ACTION ITEM: Retype, word for word, every line of the records below starting at the one that contains "Chanel Mini sac" and ending at the one that contains "Red flower girl"; include both of those lines and nothing more.

INPUT RECORDS:
Start of Block
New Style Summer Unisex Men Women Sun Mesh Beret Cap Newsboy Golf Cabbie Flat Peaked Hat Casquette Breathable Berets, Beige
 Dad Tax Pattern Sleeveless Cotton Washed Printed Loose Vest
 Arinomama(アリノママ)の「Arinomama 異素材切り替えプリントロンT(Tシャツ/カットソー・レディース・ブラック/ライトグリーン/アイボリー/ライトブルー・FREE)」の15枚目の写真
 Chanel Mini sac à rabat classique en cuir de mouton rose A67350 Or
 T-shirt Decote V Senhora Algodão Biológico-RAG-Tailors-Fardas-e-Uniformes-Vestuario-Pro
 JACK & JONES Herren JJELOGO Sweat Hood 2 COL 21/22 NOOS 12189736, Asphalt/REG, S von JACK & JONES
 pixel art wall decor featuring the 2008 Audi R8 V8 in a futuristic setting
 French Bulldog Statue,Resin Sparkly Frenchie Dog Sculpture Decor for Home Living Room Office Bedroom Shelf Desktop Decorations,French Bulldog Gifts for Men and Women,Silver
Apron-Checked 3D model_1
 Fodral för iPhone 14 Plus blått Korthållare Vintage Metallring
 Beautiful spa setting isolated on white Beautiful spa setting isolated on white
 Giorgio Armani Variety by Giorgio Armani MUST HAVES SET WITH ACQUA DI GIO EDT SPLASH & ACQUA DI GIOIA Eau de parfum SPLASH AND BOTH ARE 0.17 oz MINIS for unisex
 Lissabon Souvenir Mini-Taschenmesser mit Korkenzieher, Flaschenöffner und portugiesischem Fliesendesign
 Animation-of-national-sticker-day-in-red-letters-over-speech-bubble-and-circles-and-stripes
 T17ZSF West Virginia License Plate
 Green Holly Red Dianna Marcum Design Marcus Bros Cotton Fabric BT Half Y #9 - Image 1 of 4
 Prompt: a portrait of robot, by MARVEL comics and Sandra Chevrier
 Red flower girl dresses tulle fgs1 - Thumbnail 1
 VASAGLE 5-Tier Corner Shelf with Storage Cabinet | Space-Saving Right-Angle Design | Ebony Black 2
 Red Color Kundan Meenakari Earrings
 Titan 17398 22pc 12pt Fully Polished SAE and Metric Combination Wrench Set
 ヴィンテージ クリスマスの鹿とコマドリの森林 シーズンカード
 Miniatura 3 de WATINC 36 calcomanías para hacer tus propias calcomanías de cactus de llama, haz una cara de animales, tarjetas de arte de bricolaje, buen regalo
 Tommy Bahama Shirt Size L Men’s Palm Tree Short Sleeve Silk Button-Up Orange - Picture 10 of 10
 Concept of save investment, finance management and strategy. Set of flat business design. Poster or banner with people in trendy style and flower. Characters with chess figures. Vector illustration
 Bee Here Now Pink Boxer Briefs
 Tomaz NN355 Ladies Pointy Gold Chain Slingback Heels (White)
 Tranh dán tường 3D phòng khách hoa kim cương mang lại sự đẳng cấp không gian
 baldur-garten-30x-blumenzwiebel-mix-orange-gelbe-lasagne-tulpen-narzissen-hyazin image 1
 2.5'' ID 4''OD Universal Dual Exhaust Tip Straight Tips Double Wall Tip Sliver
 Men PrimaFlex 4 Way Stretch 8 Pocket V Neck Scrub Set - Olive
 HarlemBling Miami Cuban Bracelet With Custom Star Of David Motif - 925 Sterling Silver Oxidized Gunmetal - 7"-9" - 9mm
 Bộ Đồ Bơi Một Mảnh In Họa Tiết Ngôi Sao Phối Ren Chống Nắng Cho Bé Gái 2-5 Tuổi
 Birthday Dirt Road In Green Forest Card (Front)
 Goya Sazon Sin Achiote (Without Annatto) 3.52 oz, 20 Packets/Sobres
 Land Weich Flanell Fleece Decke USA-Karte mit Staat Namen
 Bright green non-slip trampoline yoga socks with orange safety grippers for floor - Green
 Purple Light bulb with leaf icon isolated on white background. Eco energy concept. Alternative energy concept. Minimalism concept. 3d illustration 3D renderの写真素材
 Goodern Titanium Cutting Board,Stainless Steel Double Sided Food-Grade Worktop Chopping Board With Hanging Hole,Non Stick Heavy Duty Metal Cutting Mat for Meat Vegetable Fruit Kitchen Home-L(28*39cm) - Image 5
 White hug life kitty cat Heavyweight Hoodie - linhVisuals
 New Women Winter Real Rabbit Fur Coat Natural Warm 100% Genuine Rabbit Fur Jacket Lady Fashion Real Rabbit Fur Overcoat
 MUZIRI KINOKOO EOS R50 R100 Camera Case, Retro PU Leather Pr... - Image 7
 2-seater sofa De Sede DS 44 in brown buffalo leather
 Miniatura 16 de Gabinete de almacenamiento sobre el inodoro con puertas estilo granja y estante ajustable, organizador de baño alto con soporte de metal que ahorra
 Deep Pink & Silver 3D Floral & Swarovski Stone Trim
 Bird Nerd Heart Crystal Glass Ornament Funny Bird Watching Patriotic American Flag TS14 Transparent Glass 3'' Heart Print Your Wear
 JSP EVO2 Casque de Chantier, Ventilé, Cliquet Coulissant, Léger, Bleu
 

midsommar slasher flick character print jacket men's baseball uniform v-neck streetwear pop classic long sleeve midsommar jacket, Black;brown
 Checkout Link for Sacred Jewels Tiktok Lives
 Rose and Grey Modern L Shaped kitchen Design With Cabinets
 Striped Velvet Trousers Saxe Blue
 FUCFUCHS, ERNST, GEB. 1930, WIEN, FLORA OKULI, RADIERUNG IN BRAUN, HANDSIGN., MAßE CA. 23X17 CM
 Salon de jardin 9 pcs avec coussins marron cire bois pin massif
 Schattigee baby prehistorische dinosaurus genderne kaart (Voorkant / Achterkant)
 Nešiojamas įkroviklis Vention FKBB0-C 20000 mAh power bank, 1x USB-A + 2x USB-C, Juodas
End of Block
WORKED SOLUTION:
 Chanel Mini sac à rabat classique en cuir de mouton rose A67350 Or
 T-shirt Decote V Senhora Algodão Biológico-RAG-Tailors-Fardas-e-Uniformes-Vestuario-Pro
 JACK & JONES Herren JJELOGO Sweat Hood 2 COL 21/22 NOOS 12189736, Asphalt/REG, S von JACK & JONES
 pixel art wall decor featuring the 2008 Audi R8 V8 in a futuristic setting
 French Bulldog Statue,Resin Sparkly Frenchie Dog Sculpture Decor for Home Living Room Office Bedroom Shelf Desktop Decorations,French Bulldog Gifts for Men and Women,Silver
Apron-Checked 3D model_1
 Fodral för iPhone 14 Plus blått Korthållare Vintage Metallring
 Beautiful spa setting isolated on white Beautiful spa setting isolated on white
 Giorgio Armani Variety by Giorgio Armani MUST HAVES SET WITH ACQUA DI GIO EDT SPLASH & ACQUA DI GIOIA Eau de parfum SPLASH AND BOTH ARE 0.17 oz MINIS for unisex
 Lissabon Souvenir Mini-Taschenmesser mit Korkenzieher, Flaschenöffner und portugiesischem Fliesendesign
 Animation-of-national-sticker-day-in-red-letters-over-speech-bubble-and-circles-and-stripes
 T17ZSF West Virginia License Plate
 Green Holly Red Dianna Marcum Design Marcus Bros Cotton Fabric BT Half Y #9 - Image 1 of 4
 Prompt: a portrait of robot, by MARVEL comics and Sandra Chevrier
 Red flower girl dresses tulle fgs1 - Thumbnail 1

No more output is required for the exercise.